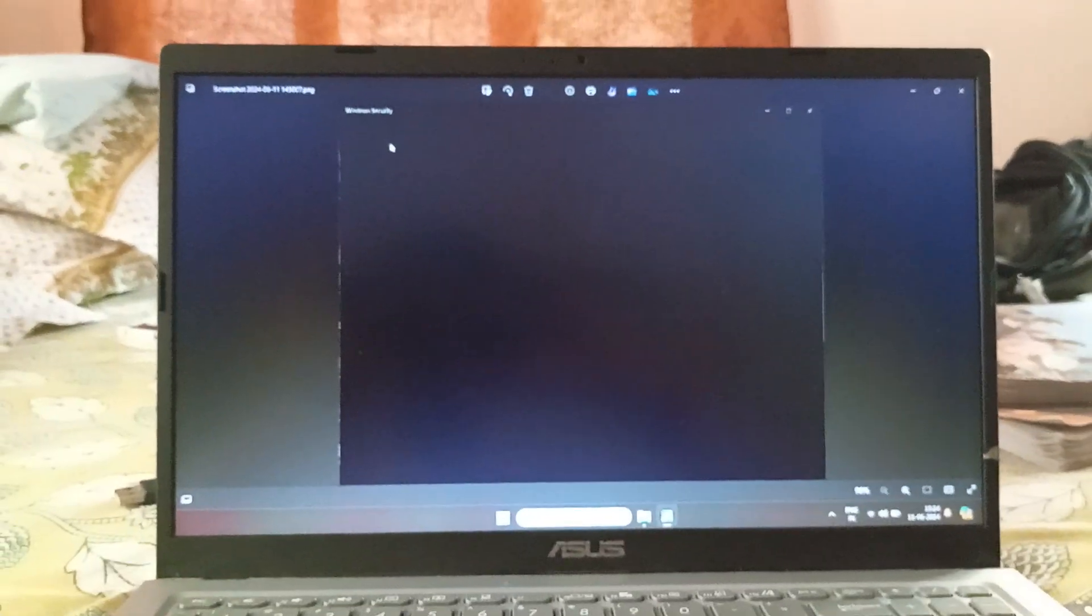I opened Windows Security but it wouldn't open. It used to keep showing like this all right.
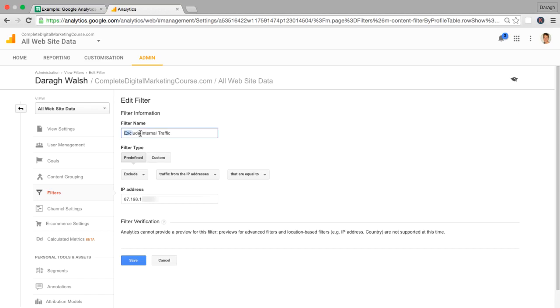You just type in the name exclude internal traffic. You can come down to predefined here, come to exclude. I'm excluding traffic from the IP address that is equal to, and this is my individual IP address.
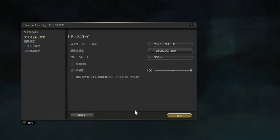The saying goes that if you give someone a fish, you feed them for a day, but if you teach them to fish, you feed them for a lifetime. That basically sums up my attitude towards English patches and fan translations.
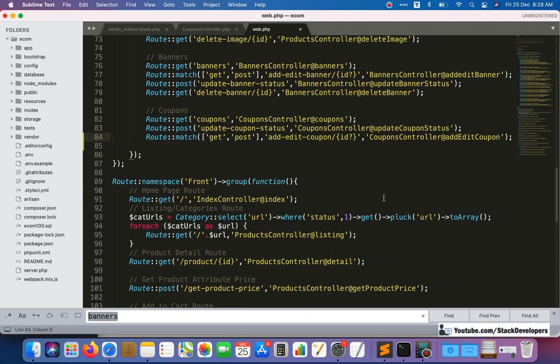We are creating this kind of common route right from the beginning of this series. In the basic e-commerce series we had separate routes, separate add and edit pages, separate functions — but here we are making everything common so our code looks better, is shorter, and is much improved code that we are writing for our advanced ecom series.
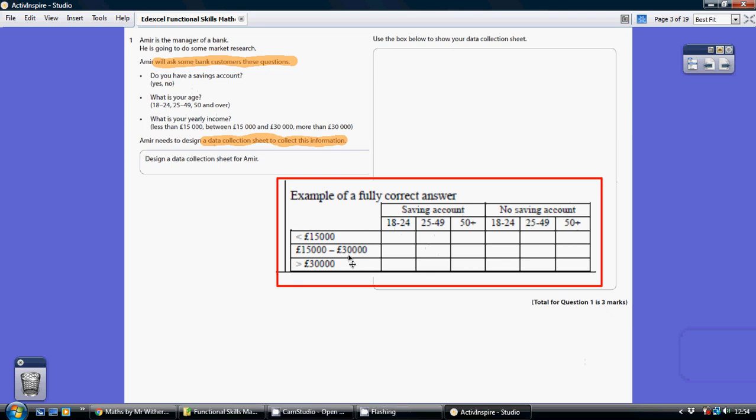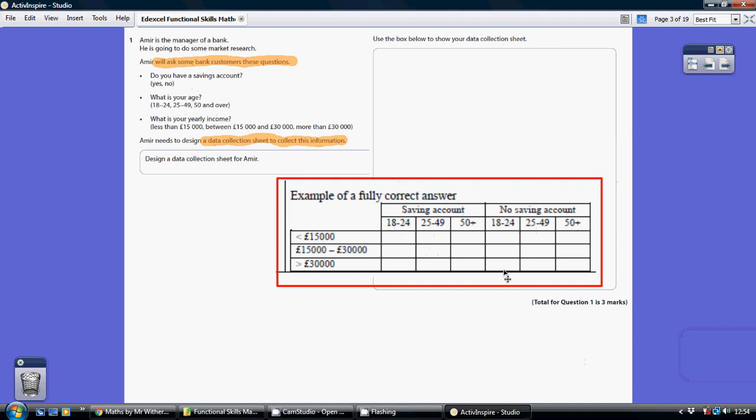So basically whatever you are, you're going to get a little dash. So if you happen to be someone who has no savings account, you're between 18 and 24, and you earn over £30,000, you get a little dash in here. And so on. There are other ways of doing it, but this is a very efficient way of doing it. Because you're simply just going to be doing one little tick for every single customer. It's not like you having to do two ticks for a customer.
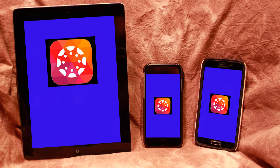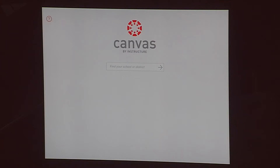As a parent who has already created a Canvas account, if you want to access the Canvas account from an iPad, iPhone, or Android app, there's an extra step that you need to go through to bypass our student authentication.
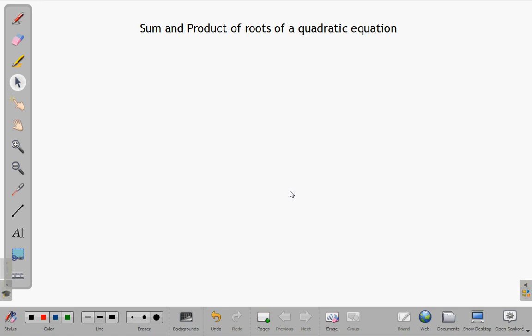Hello and welcome. In this video lesson, we will find the sum and product of the roots of a quadratic equation.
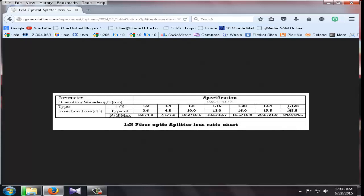Finally, 1 to 128 port splitter loss ratio is 23.5. It is maximum or minimum 0.5 dBm, 15.5 dBm, 15.5 dBm.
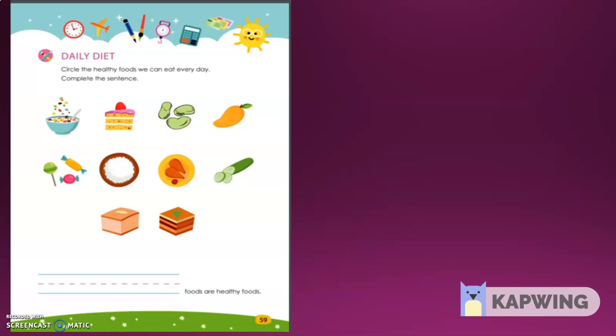This picture has a plate of nuts and cake, beans, mango, candy, rice, chicken, cucumber, cream caramel, cheesecake. You have done a great job identifying the healthy foods on the page. Now, look at the picture and circle the healthy food, please.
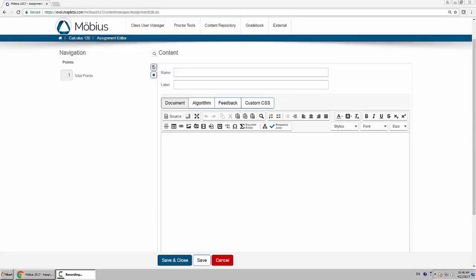This video will show you how to create a true or false question. So first here I'll put a name for our question.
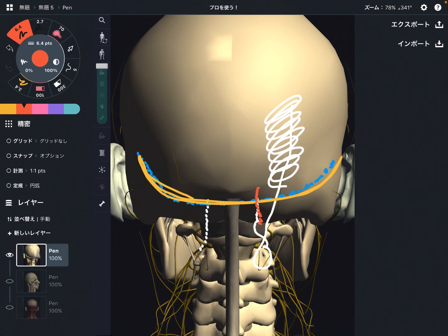In this video I explained the basic anatomy of the greater occipital nerve. If you liked today's video, please hit the like button, comment, and subscribe. See you next video.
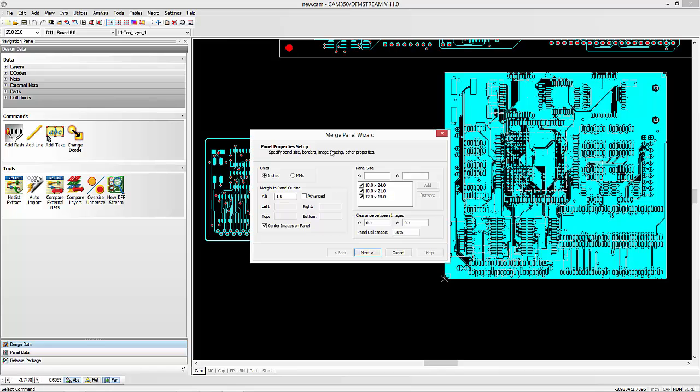There's some parameters that you can preset in here like your standard panel sizes and how much margin you want on your panels, whether you want to center the images and any distance between. You can also set a goal as far as utilization here as well.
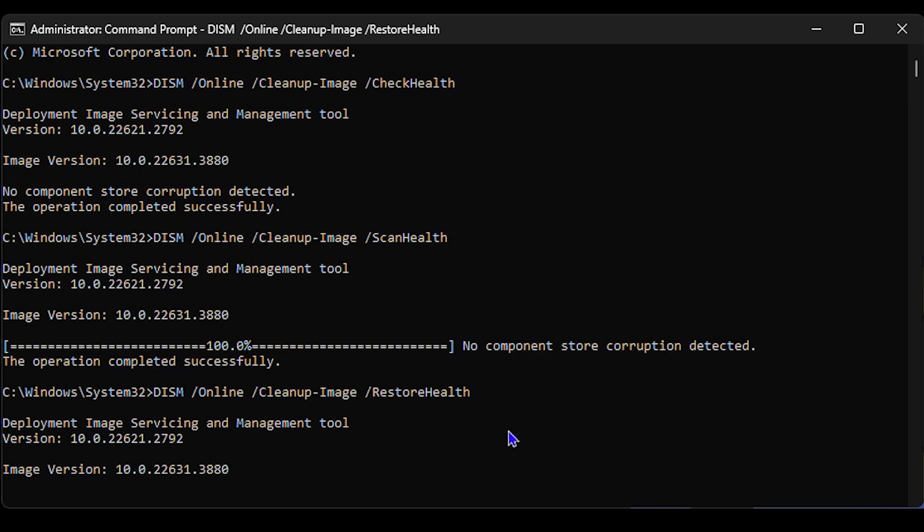You want to be patient and allow this to do its thing because it's definitely worthwhile to run the scan. As I said, this goes hand in hand with the SFC scan, so you can also run both of these if you desire. As you can see, mine is about 27% complete, so I'm going to allow this to finish.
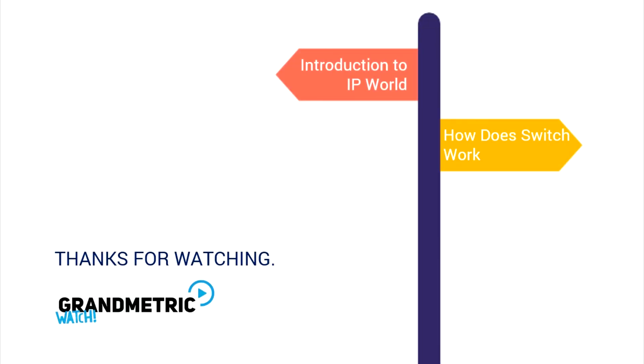To learn how switches work, watch our next video. To learn from the beginning, watch our Introduction to IP World. Thanks for watching.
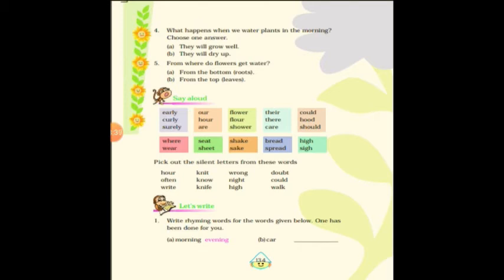For example, the word 'hour' — h-o-u-r — do we pronounce the H? No, we pronounce 'our,' so H is the silent letter. Similarly, 'knit' — do I pronounce it 'k-nit'? No, so K is silent. Then 'wrong' — W is silent. And 'doubt' — d-o-u-b-t — I pronounce 'doubt,' not 'doubbt,' so B is the silent letter. And 'often' — you need to find which letter is silent. I have shared a few examples; you need to find the rest and circle the silent letters.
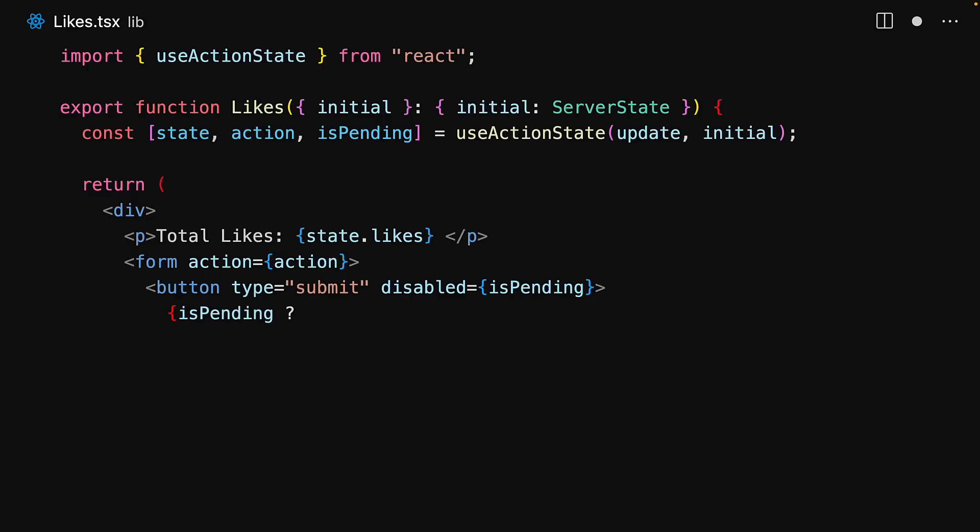Additionally, within the button, if there is a pending action, we will show the hourglass; otherwise we will show the thumbs up.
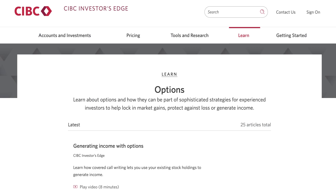In order to trade options on your account, you would have had to select this feature upon account open and sign the appropriate options trading agreement. Please contact us if you are unsure whether your account is activated for options trading or would like to explore adding these capabilities. You now know how to pull up an options quote and enter an order. Happy trading.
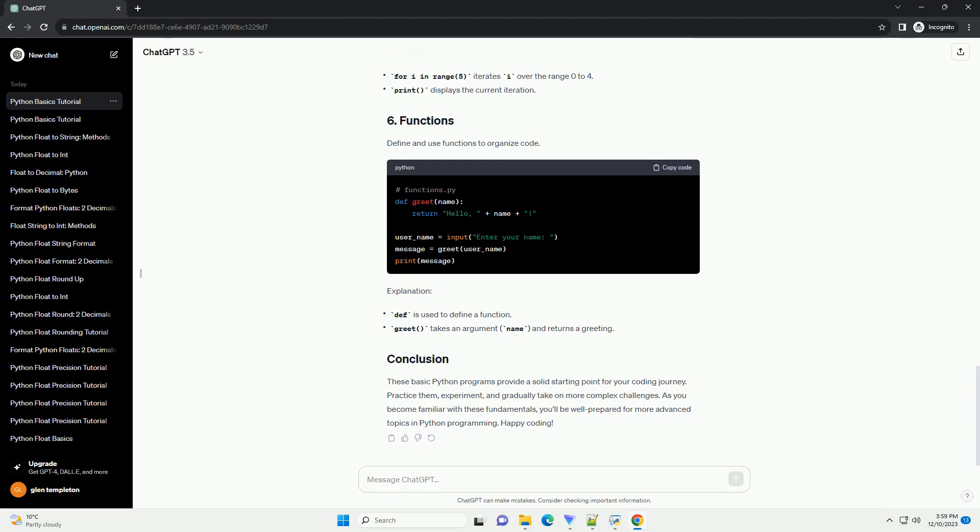Let's start with the classic Hello, World program. This simple script outputs a greeting to the console.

• What the task asks
Return the data exactly as it stands, minus the pictures.

• Task response
I opened Windows Security but it wouldn't open. It used to keep showing like this all right.
You just type in the name exclude internal traffic. You can come down to predefined here, come to exclude. I'm excluding traffic from the IP address that is equal to, and this is my individual IP address.
The saying goes that if you give someone a fish, you feed them for a day, but if you teach them to fish, you feed them for a lifetime. That basically sums up my attitude towards English patches and fan translations.
We are creating this kind of common route right from the beginning of this series. In the basic e-commerce series we had separate routes, separate add and edit pages, separate functions — but here we are making everything common so our code looks better, is shorter, and is much improved code that we are writing for our advanced ecom series.
So basically whatever you are, you're going to get a little dash. So if you happen to be someone who has no savings account, you're between 18 and 24, and you earn over £30,000, you get a little dash in here. And so on. There are other ways of doing it, but this is a very efficient way of doing it. Because you're simply just going to be doing one little tick for every single customer. It's not like you having to do two ticks for a customer.
As a parent who has already created a Canvas account, if you want to access the Canvas account from an iPad, iPhone, or Android app, there's an extra step that you need to go through to bypass our student authentication.
Hello and welcome. In this video lesson, we will find the sum and product of the roots of a quadratic equation.
Finally, 1 to 128 port splitter loss ratio is 23.5. It is maximum or minimum 0.5 dBm, 15.5 dBm, 15.5 dBm.
This picture has a plate of nuts and cake, beans, mango, candy, rice, chicken, cucumber, cream caramel, cheesecake. You have done a great job identifying the healthy foods on the page. Now, look at the picture and circle the healthy food, please.
This video will show you how to create a true or false question. So first here I'll put a name for our question.
In this video I explained the basic anatomy of the greater occipital nerve. If you liked today's video, please hit the like button, comment, and subscribe. See you next video.
There's some parameters that you can preset in here like your standard panel sizes and how much margin you want on your panels, whether you want to center the images and any distance between. You can also set a goal as far as utilization here as well.
You want to be patient and allow this to do its thing because it's definitely worthwhile to run the scan. As I said, this goes hand in hand with the SFC scan, so you can also run both of these if you desire. As you can see, mine is about 27% complete, so I'm going to allow this to finish.
To learn how switches work, watch our next video. To learn from the beginning, watch our Introduction to IP World. Thanks for watching.
For example, the word 'hour' — h-o-u-r — do we pronounce the H? No, we pronounce 'our,' so H is the silent letter. Similarly, 'knit' — do I pronounce it 'k-nit'? No, so K is silent. Then 'wrong' — W is silent. And 'doubt' — d-o-u-b-t — I pronounce 'doubt,' not 'doubbt,' so B is the silent letter. And 'often' — you need to find which letter is silent. I have shared a few examples; you need to find the rest and circle the silent letters.
Additionally, within the button, if there is a pending action, we will show the hourglass; otherwise we will show the thumbs up.
In order to trade options on your account, you would have had to select this feature upon account open and sign the appropriate options trading agreement. Please contact us if you are unsure whether your account is activated for options trading or would like to explore adding these capabilities. You now know how to pull up an options quote and enter an order. Happy trading.
Let's start with the classic Hello, World program. This simple script outputs a greeting to the console.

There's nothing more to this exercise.